Continuing programs enacted by Hasenfus to engage and inform the greater College community, Bukanc has also continued to assist in Junior Advisor (JA) training to “help JAs be more aware of the needs and concerns of international students,” she said. By reaching out to JAs, the international student advisor is really reaching out to the entire College community, as that consciousness and care for the specific needs and perspective for international students will be spread through every class that enters the College.

While much of Bukanc’s work has expanded upon Hasenfus’s previous programs, she has tried to take her position one step further. “In supporting Jen’s work, I followed her direction in thinking about ways we can expand services to students through streamlining practices, increasing programming for international students and creating spaces to explore what an ‘international community’ means,” Bukanc said.

Since taking over the position, Bukanc has founded the International Coffee Hour. After speaking with many student leaders on campus, Bukanc thought “it would be a good idea to start a monthly International Coffee Hour where international students could interact more informally with domestic students as well as faculty and staff.”

By keeping her ear close to the ground and her mind open to the needs of the College community, Bunkanc helped develop a progressive and comfortable space for international students.
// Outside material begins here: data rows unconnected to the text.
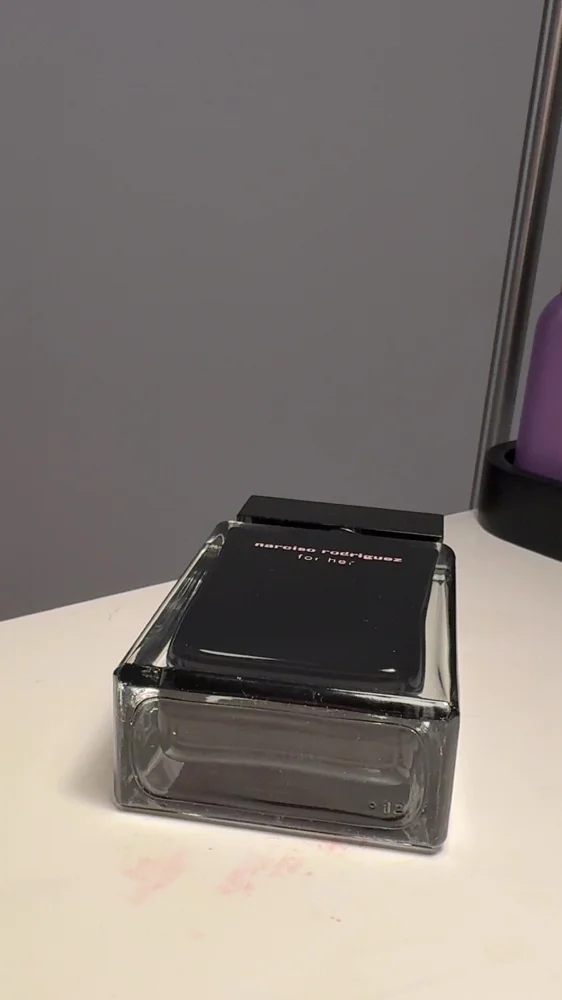 Narciso Rodriguez Perfume, size Other, photo 3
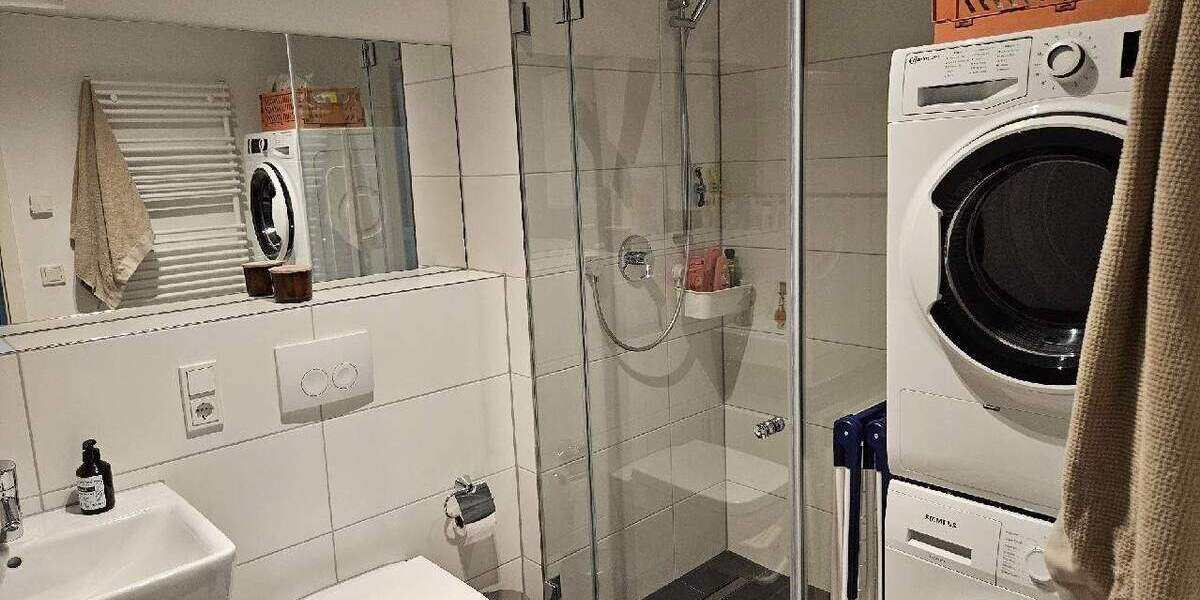 Reihenmittelhaus Troisdorf Sieglar - 3 Zimmer, 98 m&sup2;, 1.550&euro; | Angebot:23973090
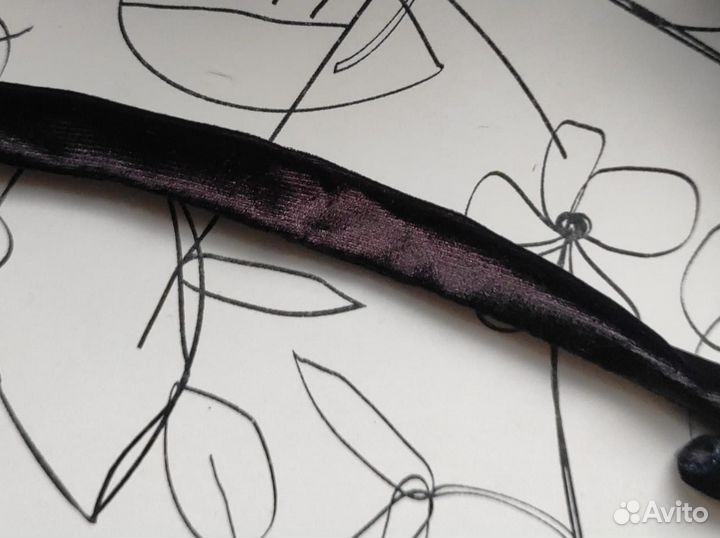 Шапка женская ушанка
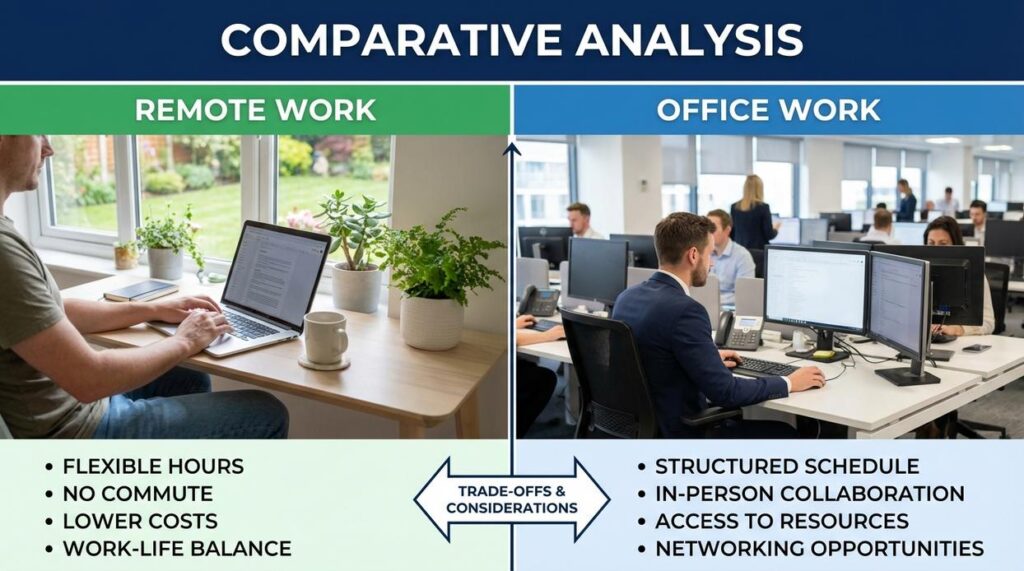 Comparative Analysis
Though she speaks of her role and accomplishments modestly, she admits that the International Coffee Hour “has been quite successful so far.”

Though her position is temporary, Bunkanc took on the responsibility of the international student advisor role and has used it to demonstrate the direction that the College administration is trying to go. Even though she said that her work “was an extension of ongoing work that [Hasenfus] initiated,” Bunkanc listened to students, opened her perspective and used her creativity to try and make the experience at the College as accessible as possible for international students.  Like many students on campus, Bukanc is looking forward to a more diverse future for the College, especially from an administrative standpoint. She hopes “to see many more such initiatives when our new Assistant Dean starts in April.” Everyone in the College community should follow in Bunkanc’s footsteps and opens themselves up to the fantastic international student population on campus.